The Nuclear Regulatory Commission began its technical review this summer for the plan to demolish Pickard Hall. The NRC said its review of the different aspects of MU's plan could take it until January 2025 to complete.
The school announced in 2019 that it would get approval from the NRC to demolish the building, which involves handling of various radioactive material in the building. Faculty and students worked with radium there in the 1930s, leading to several parts of the building to become contaminated.
ABC 17 News obtained the university's plans submitted to the NRC. The school plans to demolish the building on the Francis Quadrangle during summer, when fewer people are on campus.
The contractor handling the project would use handheld scanners for radioactivity of the rubble, and haul contaminated material to facilities in Utah and Texas.
An MU spokesman said the project will cost $11.5 million-$12 million.
NRC project manager Bill Lin said he and the staff would review the plan to make sure safety rules are followed. The school would have two years to complete the project, once the agency gives its approval.

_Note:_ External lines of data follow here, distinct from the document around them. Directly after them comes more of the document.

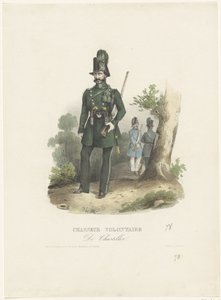 Belçikalı gönüllü avcı, 1831 Chasseur Volontaire De Chasteller (nesne üzerindeki başlık) by Pierre Simonau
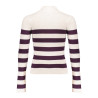 Frankie&Liberty Tianna Turtle Neck Stripe Grape Stripe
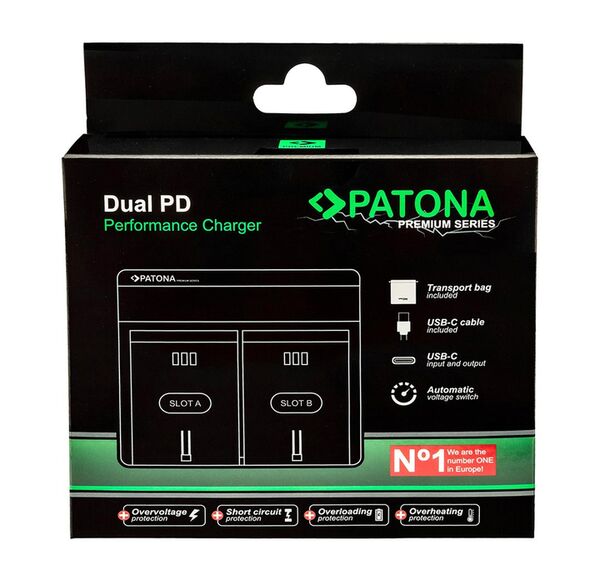 Patona Premium Dual PD Performance Ladegerät für Canon  NB-7L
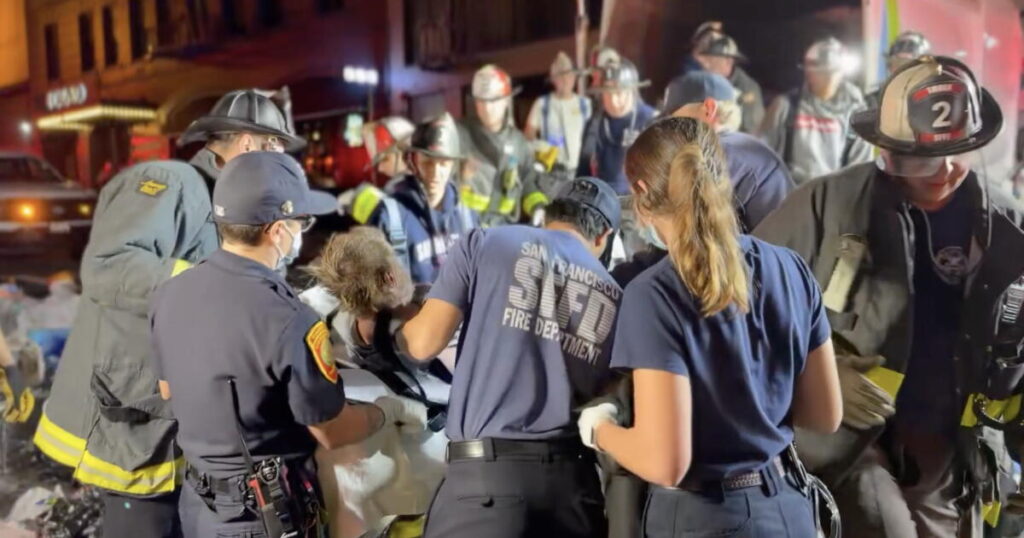 Firefighters rescue dumpster diver trapped for hours inside San Francisco garbage truck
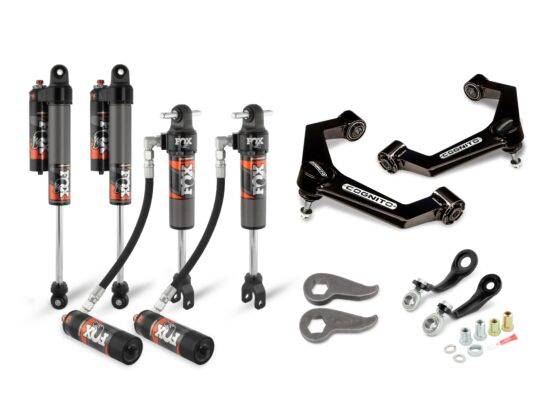 Cognito Motorsports Suspension & Truck Upgrades | 1350 Offroad - Cognito 3-in Elite Leveling Kit with Fox 2.5 Elite Shocks - 210-P0932 - Image 1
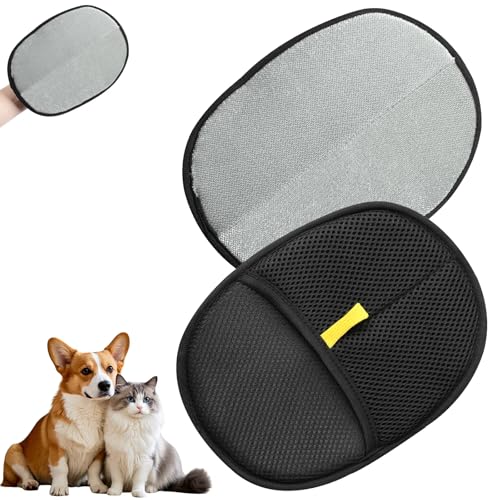 Static Removal Gloves, Fellmagnet, Pet Hair Remover Glove, Hundehaar Katzenhaar Handschuh, Pet Grooming Gloves Für Haustier Glattes und Gesundes Fell, Für Kleidung, Sofas, Bettlaken Static Removal Gloves, Fellmagnet, Pet Hair Remover Glove, Hundehaar Katzenhaar Handschuh, Pet Grooming Gloves Für Haustier Glattes und Gesundes Fell, Für Kleidung, Sofas, Bettlaken von Generisch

"It's common for the course for them to propose something and then for me to ask questions," Lin said. "And then once that's settled out, that will be made publicly available."
Lin said all radioactive spots of the building have been identified. He said the public does not face any risk of exposure.
Basi said the school has not yet decided what could replace Pickard Hall. He said leaders would make sure the future use of the spot fits within the look and feel of the historic quad.